There are clear issues with attempting any kind of valid implementation, the obvious ones being around gaining useful feedback on a value proposition. From what I’ve looked at so far, automating value raises far more questions than it answers, but if we don’t push the boundaries on automating the feedback cycle then I feel we’re just locally optimising. I’ve had some really useful input from the folks at OpenCredo, who are thinking along similar (but better formulated) lines, now I’m trying to actually make this concrete.

At the moment I’m working on extending cucumber, specifically on “Lines 2-4 are unparsed text, which is expected to describe the business value of this feature”. I’d like to change this, making the business value executable (and testable) so we can assert the business value is being delivered as promised.

I’d like to change this

  Feature: Addition
    In order to avoid silly mistakes
    As a math idiot
    I want to be told the sum of two numbers

To this

  Feature: Addition
    In order to make 0 silly mistakes
    As a math idiot
    I want to be told the sum of two numbers

Or this

  Feature: Addition
    In order to make fewer silly mistakes
    As a math idiot
    I want to be told the sum of two numbers

And I want to assert that delivering this feature ensures the relative/absolute quantity of silly mistakes.

Attempting to write the code for this has made me realise how much time I’ve wasted in meetings of late rather than making myself useful, so if you’d like to lend a hand on the implementation of these ideas, please get in contact.
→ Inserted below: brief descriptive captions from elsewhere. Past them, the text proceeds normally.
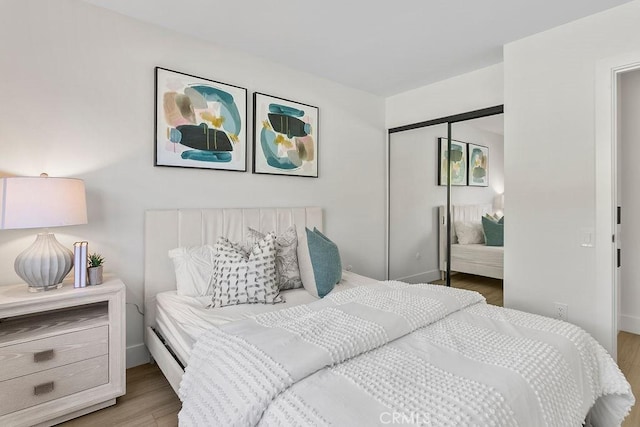 23631 Via Storni, Mission Viejo, CA 92692 - bedroom featuring wood finished floors and a closet
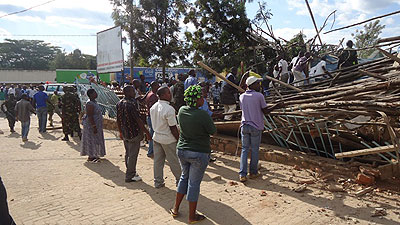 Grief-struck residents watch as rescuers try to find survivors trapped in the Nyagatare building collapse on Tuesday. The New Times /File.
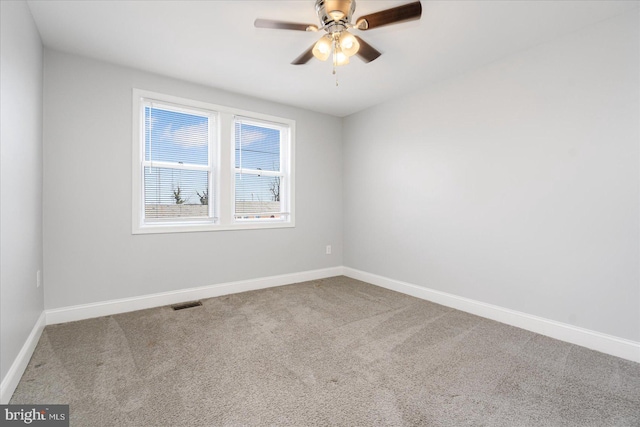 spare room with ceiling fan and carpet floors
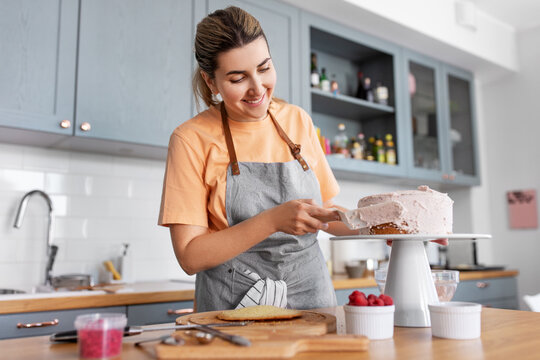 culinary, baking and cooking food concept - happy smiling young woman making layer cake and spreading topping cream on kitchen at home - Powered by Adobe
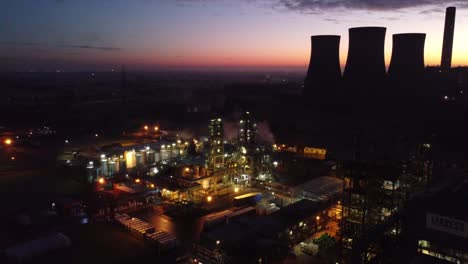 illuminated aerial night view above industrial pipeline chemical factory site pull away right
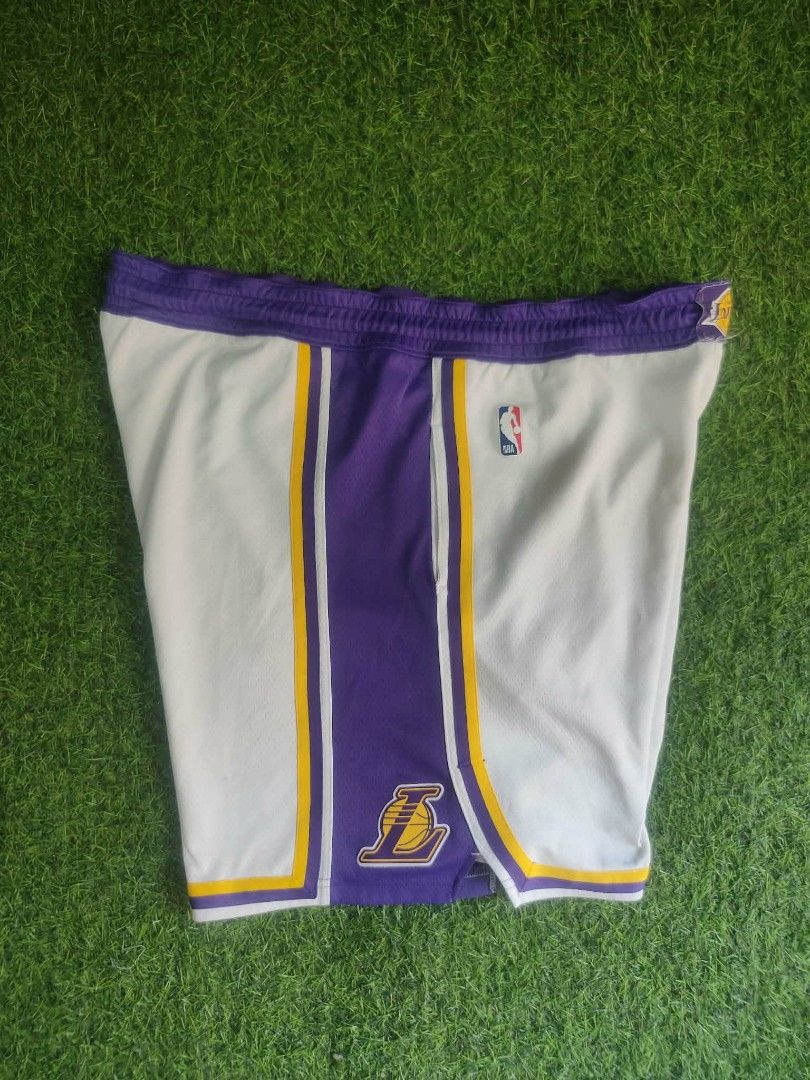 Nike Lakers basketball short (Category: Activewear) located in Vinzons. Submitted by khasanche43622 (Listing ID 1465108521, Image 1). Description: Verygood condition Sobrang puti No stain Waist-40-46 L-20.5 Honest issue pinarepair q Un loose stitch s bewang and Un swoosh n print wla n.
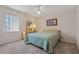 Bright bedroom featuring a comfortable bed and ample closet space at 12141 Spartan Way # 204, Hudson, FL 34667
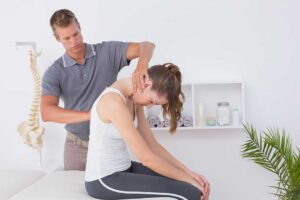 Person practicing gentle stretching beside a chair in a bright home living space.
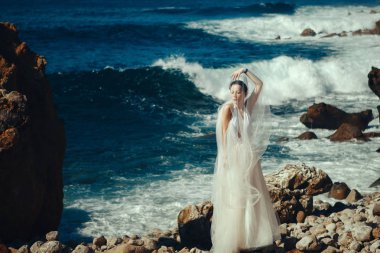 Beyaz elbise giyen güzel manken denizin yanında poz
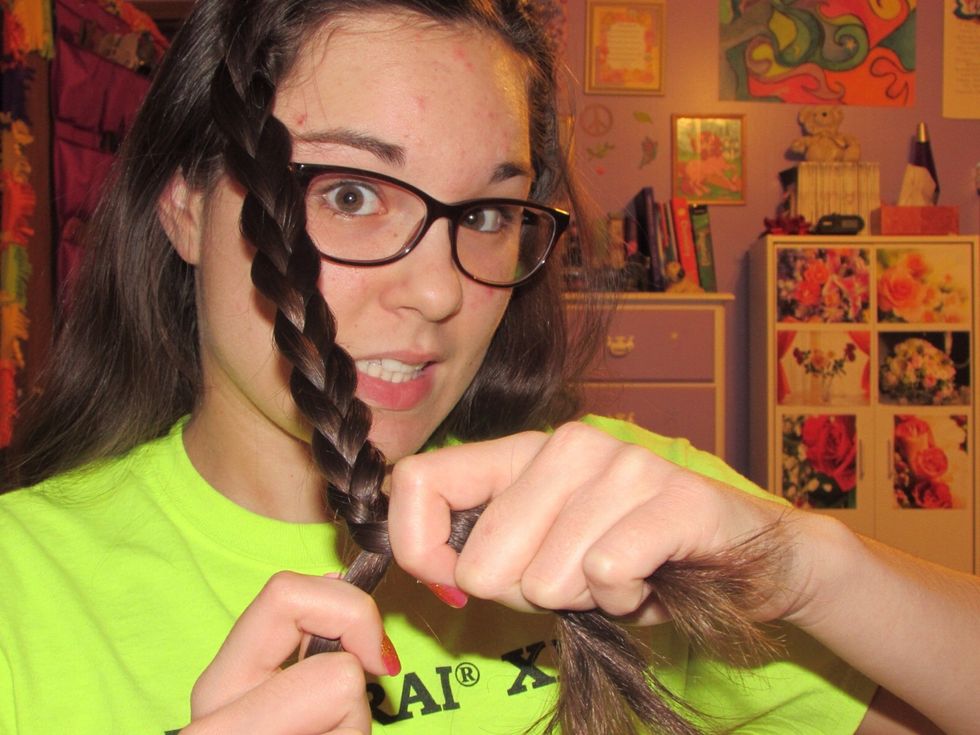 When you get down to the length you like, take one of the strands, hold it in one hand, and take the other two and hold them in your other hand.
I’ll post on this blog when I get the proof of concept up on the Githubs.

UPDATE Cucumber-value has now been dragged kicking and screaming on to Rubygems and been inserted forcibly up those Githubs.

Devops Days

I had the good fortune to attend Devopsdays Goteborg a few weeks back, and met a whole bunch of wonderful people. Many thanks to the legendary, words-cannot-do-this-man-justice Patrick Debois and the other organisers.

Whilst there seemed to be a lots of fantastic, enlightening conversation around the devops space, there also seemed to be a lot of complaints about lack of sponsorship for devops from those people in “the business”. I took my usual subtle, sensitive approach to a perceived problem and proposed an exploratory openspace entitled “F**k devops, noone cares, where’s my money?”. Whilst I undermined myself somewhat by turning up late for my own openspace, my ideas didn’t seem to get a huge amount of traction.

“The business case for devops” (very faint on the board)

This was probably because there was a tools-orientated openspace happening in another room.

Devops’s achilles heel is the potential it has for being introspective(ignore the ITIL/process arguments; absolute nonsense) and purely tooling focused. Changing the THEM and US attitude from dev vs ops to devops vs THE MANAGEMENT just shifts the issue. Patrick Debois brilliantly summarises that we should, instead, be thinking about *dev*ops*; unfortunately some of the devops people I’ve met seem to be more interested in teaming up against others than including them.

I’m taking a look at how I think we can address this problem, by perhaps changing the focus from “delivering” to “delivering value”. Coming from a devops background, I’m obviously going to create a tool to help me. That should teach those management types a lesson.